Transfer learning is another broadly applicable deep learning technique, where a number of layers from pretrained network are retrained for a different use case, which can drastically cut down the training time and labelled dataset size needed \cite{ahmed2008training,pan2010survey}. For example, the same transfer learning approach was used for brain MRI tissue segmentation (gray matter, white matter, and CSF) and for multiple sclerosis lesion segmentation \cite{van2015transfer}. Yet despite these advances in deep learning, a non-trivial amount of labelled data is still required to train CNNs, raising again the original problem: how does a single expert create an annotated dataset that is large enough to be amenable for a deep learning approach, for any task requiring expertise?

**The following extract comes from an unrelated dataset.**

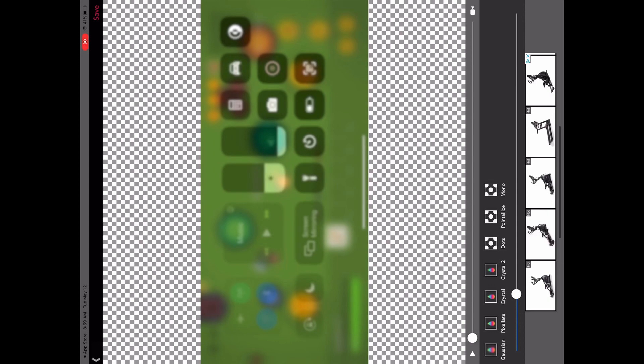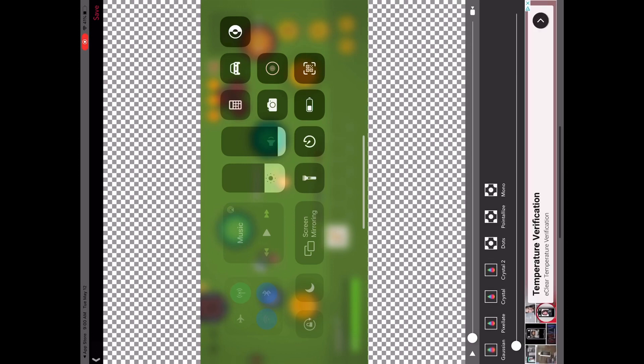If you don't apply a blur, your screen will show up with no blur at all. I recommend blurring from here to here because people won't see it at all. Once you think it's ready to go, press save, and then we'll go to iMovie.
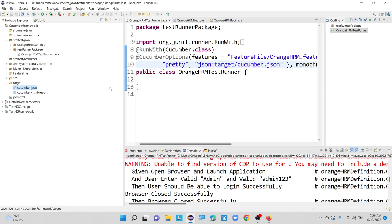In the next video, we will see how to configure extent report and Allure reports inside our Cucumber framework and how we can generate them. If you like this video, please drop a like and please subscribe to my channel for more videos. Also, please share our videos with friends or colleagues so that our videos will be recommended to more people on YouTube. Thank you so much guys — we will connect in our upcoming videos. Take care everyone, until then signing off — Selenium Tech Automation, thank you so much.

We hypothesized that expert decision making can be scaled up by citizen scientists that can learn from and amplify expert decisions, to the extent where deep learning approaches become feasible. As a proof of concept, we apply this approach to brain MRI quality control (QC): a binary classification task where images are labelled "pass" or "fail" based on image quality. QC is a paradigmatic example of the problem of scaling expertise. QC is subjective, and each researcher has their own standards as to which images pass or fail on inspection. The variability of expert subjectivity has problematic effects on downstream analyses, especially statistical inference: effect size estimates may depend on the input data to a statistical model, and varying QC criteria will add more uncertainty to these estimates, and might result in replication failures. For example, in \cite{ducharme2016trajectories}, the authors found that QC had a significant impact on their estimates of the trajectory of cortical thickness during development. They concluded that post-processing QC (in the form of visual inspection) is crucial for such studies, especially due to motion artifacts in younger children. It is therefore essential that we develop systems that can accurately emulate decisions, and that these systems are made openly available for the scientific community.

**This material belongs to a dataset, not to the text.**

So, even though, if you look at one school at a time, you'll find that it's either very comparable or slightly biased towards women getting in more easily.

For this proof of concept, we developed a citizen-science amplification and CNN procedure for the openly available Healthy Brain Network dataset (HBN; \cite{alexander2017open}). This initiative aims to collect and publicly release data on 10,000 children over the next 6 years to facilitate the study of brain development and mental health through transdiagnostic research. The rich dataset includes MRI brain scans, EEG and eye tracking recordings, extensive behavioral testing, genetic sampling, and voice and actigraphy recordings. In order to understand the relationship between brain structure (based on MRI) and behavior (EEG, eye tracking, voice, actigraphy, behavioral data), or the association between genetics and brain structure, researchers require high quality MRI data.
In this study, we crowd-amplify image quality ratings and train a CNN on the first and second data releases of the HBN (n=722), which can be used to infer data quality on future data releases. We also demonstrate how choice of QC threshold is related to the effect size estimate on the established association between age and brain tissue volumes during development \cite{Lebel2011}. Finally, we show that our approach of deep learning trained on a crowd-amplified dataset matches state-of-the-art software built specifically for image QC \cite{esteban2017mriqc}. We therefore recommend employing our crowd-amplification method for any binary image classification task, particularly in the cases where specialized, fully automated software do not exist.
Results
Overview
The primary goal of this study was to 1) amplify a small, expertly labelled dataset through citizen science, 2) train a CNN on the amplified labels, and 3) evaluate its performance on a validation dataset. Figure
\ref{567433} shows an overview of the procedure and provides a summary of our results. At the outset, a group of neuroimaging experts created a gold-standard quality control dataset on a small subset of the data (n=200), through extensive visual examination of the full volumes of the data. In parallel, citizen scientists were asked to "pass" or "fail" two dimensional axial slices from the full dataset (n=722) through a web application that could be accessed through a desktop, tablet or mobile phone (
https://braindr.us). Amplified labels, that range from 0 (fail) to 1 (pass), were generated in 2 ways. First, by taking the average citizen-scientist rating for each slice. Second, by generating a probability score from a gradient-boosting classifier (XGBoost) trained to predict the label membership of each image, with all of the user's ratings as features. A receiver operating characteristic (ROC) curve was generated for both the averaged ratings and the classifier probability outputs, and the area under the curve (AUC) was computed. The AUC for the average crowd ratings was 0.95, and the AUC for the XGBoost probabilities was 0.97 on a validation set. Next, a transfer learning regression was trained to predict the XGBoost probability score from the two dimensional axial slices. The AUC for the predicted labels on a left out dataset was 0.99. As a validation, another XGBoost classifier was trained on the features of the MRIQC algorithm, and the AUC for the validation set was also 0.99.